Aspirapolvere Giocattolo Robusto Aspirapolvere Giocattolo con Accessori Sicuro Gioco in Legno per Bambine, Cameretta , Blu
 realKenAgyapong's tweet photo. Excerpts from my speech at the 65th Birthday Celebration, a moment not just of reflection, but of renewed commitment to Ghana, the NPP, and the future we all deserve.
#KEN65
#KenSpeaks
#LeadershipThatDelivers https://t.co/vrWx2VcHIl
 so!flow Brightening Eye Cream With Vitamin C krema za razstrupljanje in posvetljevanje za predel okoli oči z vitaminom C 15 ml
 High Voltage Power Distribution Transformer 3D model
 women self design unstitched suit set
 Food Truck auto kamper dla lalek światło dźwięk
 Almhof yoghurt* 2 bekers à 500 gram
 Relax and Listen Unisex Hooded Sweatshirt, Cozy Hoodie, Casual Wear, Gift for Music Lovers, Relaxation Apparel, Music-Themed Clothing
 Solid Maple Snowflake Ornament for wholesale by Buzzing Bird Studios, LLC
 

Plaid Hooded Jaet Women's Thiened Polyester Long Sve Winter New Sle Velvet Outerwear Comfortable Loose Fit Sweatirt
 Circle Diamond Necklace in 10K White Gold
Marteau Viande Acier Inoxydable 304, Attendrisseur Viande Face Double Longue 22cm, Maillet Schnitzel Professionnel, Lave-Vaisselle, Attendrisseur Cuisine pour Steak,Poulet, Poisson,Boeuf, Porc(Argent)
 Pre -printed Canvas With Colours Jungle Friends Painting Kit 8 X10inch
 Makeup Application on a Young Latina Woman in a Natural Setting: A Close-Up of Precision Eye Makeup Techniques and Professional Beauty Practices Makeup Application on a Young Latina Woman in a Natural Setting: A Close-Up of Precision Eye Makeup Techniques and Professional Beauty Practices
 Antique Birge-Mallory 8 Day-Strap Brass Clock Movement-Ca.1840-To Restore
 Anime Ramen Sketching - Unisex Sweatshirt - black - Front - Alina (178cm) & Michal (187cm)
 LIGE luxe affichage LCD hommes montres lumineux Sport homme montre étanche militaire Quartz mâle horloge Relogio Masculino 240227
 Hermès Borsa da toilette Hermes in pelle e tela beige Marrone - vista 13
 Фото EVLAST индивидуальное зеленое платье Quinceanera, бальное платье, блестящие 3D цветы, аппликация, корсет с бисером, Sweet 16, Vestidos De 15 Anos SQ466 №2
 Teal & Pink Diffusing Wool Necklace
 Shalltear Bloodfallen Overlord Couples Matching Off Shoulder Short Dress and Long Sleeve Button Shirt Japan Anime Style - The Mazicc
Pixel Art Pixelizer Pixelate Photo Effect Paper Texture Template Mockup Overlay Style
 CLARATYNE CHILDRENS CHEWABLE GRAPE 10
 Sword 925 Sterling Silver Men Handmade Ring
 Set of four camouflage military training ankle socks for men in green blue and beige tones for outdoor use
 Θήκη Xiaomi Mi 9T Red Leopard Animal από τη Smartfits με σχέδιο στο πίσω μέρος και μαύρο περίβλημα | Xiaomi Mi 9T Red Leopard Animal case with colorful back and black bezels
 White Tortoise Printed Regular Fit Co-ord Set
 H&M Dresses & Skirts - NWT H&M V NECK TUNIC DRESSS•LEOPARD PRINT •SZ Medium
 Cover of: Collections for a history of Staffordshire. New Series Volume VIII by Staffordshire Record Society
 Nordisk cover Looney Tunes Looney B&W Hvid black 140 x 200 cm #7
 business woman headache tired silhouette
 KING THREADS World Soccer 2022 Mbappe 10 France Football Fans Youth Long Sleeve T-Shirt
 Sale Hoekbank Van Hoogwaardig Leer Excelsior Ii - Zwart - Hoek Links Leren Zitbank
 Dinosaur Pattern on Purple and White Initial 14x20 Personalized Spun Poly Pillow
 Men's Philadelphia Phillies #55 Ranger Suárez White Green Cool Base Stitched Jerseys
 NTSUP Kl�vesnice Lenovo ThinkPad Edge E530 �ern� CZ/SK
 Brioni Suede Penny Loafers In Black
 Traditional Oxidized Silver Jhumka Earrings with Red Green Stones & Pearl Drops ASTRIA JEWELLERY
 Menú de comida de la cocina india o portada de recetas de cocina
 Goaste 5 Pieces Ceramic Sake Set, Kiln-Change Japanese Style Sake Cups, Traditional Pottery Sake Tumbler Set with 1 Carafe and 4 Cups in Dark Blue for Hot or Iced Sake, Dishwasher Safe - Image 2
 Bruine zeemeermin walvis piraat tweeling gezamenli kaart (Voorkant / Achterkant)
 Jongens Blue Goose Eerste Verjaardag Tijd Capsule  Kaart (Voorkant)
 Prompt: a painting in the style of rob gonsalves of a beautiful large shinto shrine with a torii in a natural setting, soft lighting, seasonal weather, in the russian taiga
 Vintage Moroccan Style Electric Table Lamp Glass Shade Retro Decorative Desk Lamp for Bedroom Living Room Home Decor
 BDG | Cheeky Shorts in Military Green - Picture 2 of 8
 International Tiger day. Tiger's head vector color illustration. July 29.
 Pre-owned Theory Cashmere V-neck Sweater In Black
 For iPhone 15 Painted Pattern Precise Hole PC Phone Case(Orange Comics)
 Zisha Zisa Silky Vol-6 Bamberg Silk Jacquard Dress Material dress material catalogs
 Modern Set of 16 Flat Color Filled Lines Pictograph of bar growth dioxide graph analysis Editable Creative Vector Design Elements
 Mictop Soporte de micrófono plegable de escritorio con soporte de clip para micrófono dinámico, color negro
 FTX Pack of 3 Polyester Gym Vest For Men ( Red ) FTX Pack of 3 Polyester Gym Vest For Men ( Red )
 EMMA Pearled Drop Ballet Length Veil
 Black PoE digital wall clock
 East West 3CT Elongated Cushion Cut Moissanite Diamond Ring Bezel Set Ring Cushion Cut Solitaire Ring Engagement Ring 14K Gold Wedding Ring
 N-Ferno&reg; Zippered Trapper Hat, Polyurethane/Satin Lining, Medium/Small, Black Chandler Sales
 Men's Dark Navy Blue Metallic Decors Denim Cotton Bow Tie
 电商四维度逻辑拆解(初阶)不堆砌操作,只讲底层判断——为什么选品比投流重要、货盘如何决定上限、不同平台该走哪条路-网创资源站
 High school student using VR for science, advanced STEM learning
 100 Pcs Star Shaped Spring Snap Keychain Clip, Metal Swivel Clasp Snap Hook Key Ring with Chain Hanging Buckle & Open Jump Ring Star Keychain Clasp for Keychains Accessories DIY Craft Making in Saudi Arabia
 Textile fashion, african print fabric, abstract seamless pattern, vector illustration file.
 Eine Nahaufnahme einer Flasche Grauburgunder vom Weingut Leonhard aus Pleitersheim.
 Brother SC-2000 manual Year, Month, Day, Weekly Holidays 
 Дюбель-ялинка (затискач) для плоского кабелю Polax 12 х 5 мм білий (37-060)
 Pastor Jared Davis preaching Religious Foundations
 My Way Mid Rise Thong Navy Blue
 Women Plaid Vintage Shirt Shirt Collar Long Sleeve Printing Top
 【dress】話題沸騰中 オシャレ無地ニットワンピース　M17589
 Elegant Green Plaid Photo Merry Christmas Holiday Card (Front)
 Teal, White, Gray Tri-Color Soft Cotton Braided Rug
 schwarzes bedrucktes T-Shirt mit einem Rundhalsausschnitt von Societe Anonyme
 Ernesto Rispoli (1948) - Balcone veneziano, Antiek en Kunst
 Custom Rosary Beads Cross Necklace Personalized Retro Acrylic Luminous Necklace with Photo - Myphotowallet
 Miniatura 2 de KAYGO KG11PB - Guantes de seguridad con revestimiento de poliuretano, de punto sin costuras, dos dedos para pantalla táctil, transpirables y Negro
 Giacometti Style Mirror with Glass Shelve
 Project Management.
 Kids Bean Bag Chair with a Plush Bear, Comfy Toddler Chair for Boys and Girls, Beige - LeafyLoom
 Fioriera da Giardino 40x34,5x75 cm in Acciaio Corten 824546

Task instructions => Copy each line of the listing above that contains the word "Dark".

Your response =>
 Goaste 5 Pieces Ceramic Sake Set, Kiln-Change Japanese Style Sake Cups, Traditional Pottery Sake Tumbler Set with 1 Carafe and 4 Cups in Dark Blue for Hot or Iced Sake, Dishwasher Safe - Image 2
 Men's Dark Navy Blue Metallic Decors Denim Cotton Bow Tie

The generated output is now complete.